For the seasoned practitioners I hope to shine light on aspects that may not have been considered. 💡
Can't make the talk? Read all about it in my new TDS article: 🧠🧹 Causality — Mental Hygiene for Data Science
This talk aims to provide practitioners with a practical understanding of causal reasoning and its applications in real-world projects. It moves beyond the hype surrounding causal inference (CI) as the "next big thing" and encourages a critical assessment of its strengths and limitations.
Outline
- Introduction: The Allure and the Reality of Causality
- Case Study: A Paradox in Machine Learning
- Causal Graphs
- as Blueprints for Causal Thinking
- Building by Causal Discovery
- Assessing Applicability with Identifiability
- Summary and Resources
Central Thesis
Although causal inference techniques have immense potential, their practical application requires careful consideration of context and limitations. The act of engaging in causality is valuable in its own right, promoting a more rigorous and insightful approach to a project. In particular, "causal thinking" through Causal Graph construction and critical assessment of assumptions, is a mental exercise that enhances project rigour which may lead to a deeper understanding of what is possible with the data.
In Detail
A key focus will be on Directed Acyclic Graphs (DAGs) as powerful tools for causal thinking. They provide a visual aid of the data generation process, mapping out the relationships between different parameters and their dependencies. We'll examine how DAGs can articulate the understanding of a system. A second focus will be on Identifiability a process of identifying minimum sets of parameters required to answer specific questions about cause and effect.
Key Takeaways
This talk will equip you with a practical framework for:
- Building a DAG as a visualisation tool to communicate your understanding of the data generation process and assess the level of control you have over the system being studied.
- Using Identifiability on a DAG to assess the applicability of CI to your own projects, considering factors like data availability, project goals.

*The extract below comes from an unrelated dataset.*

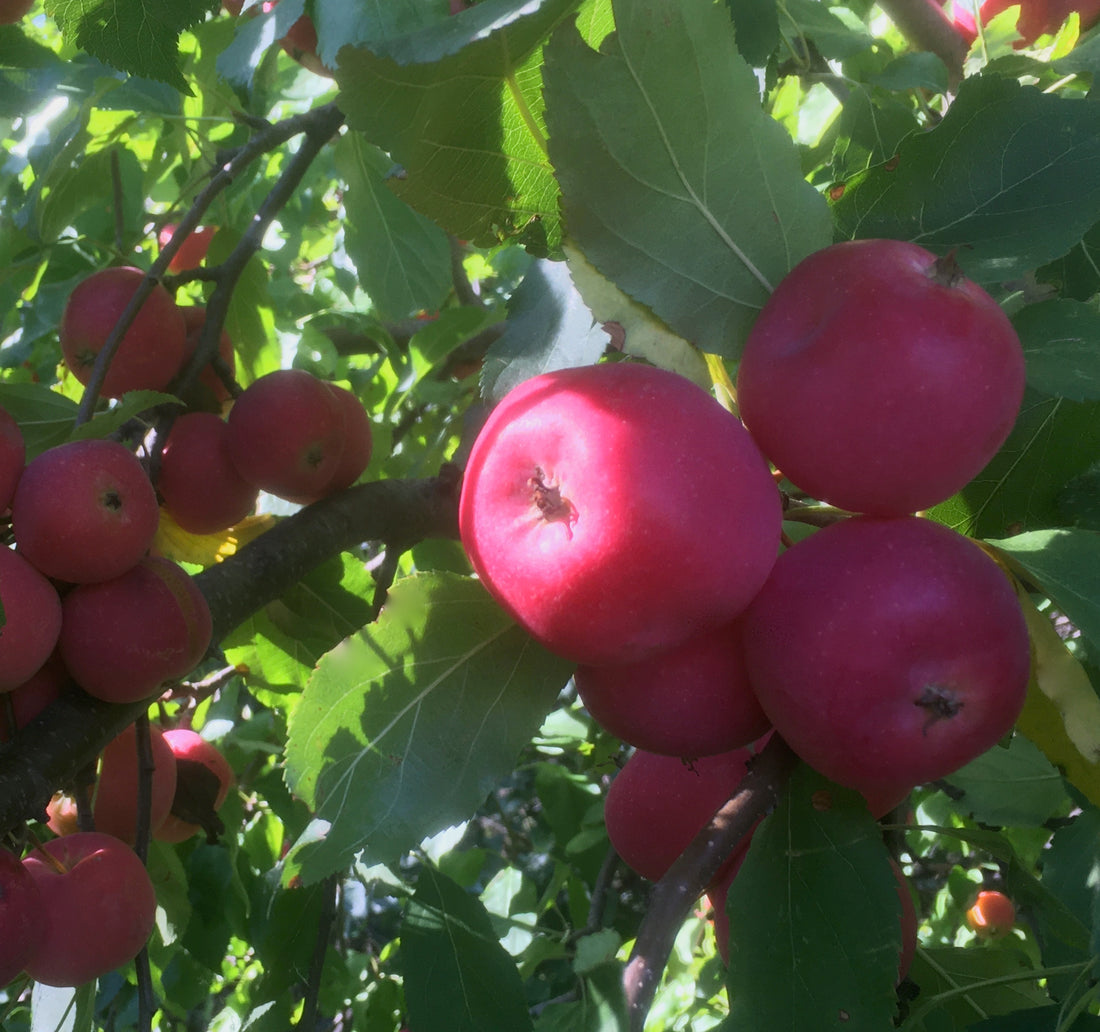 Our struggle to save, protect and nourish this heirloom Chestnut crabapple tree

By doing so you will embrace "causal thinking" as a mental hygiene practice that can benefit any data science project, even if formal CI techniques cannot be employed.
By the end of this talk, you'll have a nuanced understanding of CI, going beyond the hype to appreciate its true potential and limitations. You'll be better equipped to assess when it's is the right tool for the job, and you'll gain valuable insights into how "causal thinking" can enhance your work as a data scientist, especially with real-world data.
For related Towards Data Science publications see Eyal's Medium profile:
No previous knowledge expected
👋 Hi I'm Eyal. My superpower is simplifying the complex and turning data to ta-da!
I'm an Ex-cosmologist turned data scientist with over 15 years experience in solving challenging problems. I am motivated by intellectual challenges, highly detail oriented and love visualising data results to communicate insights for better decisions within organisations.
My main drive as a data scientist is applying scientific approaches that result in practical and clear solutions. To accomplish these, I use whatever works, be it statistical/causal inference, machine/deep learning or optimisation algorithms. Being result driven I have a passion for facilitating stakeholders to make data driven decisions by quantifying and communicating the impact of interventions to non-specialist audiences in an accessible manner.
My claim for fame is that between 2004-2014 I lived in four different continents within a span of a decade, including three tennis Grand Slam cities (NYC, Melbourne, London).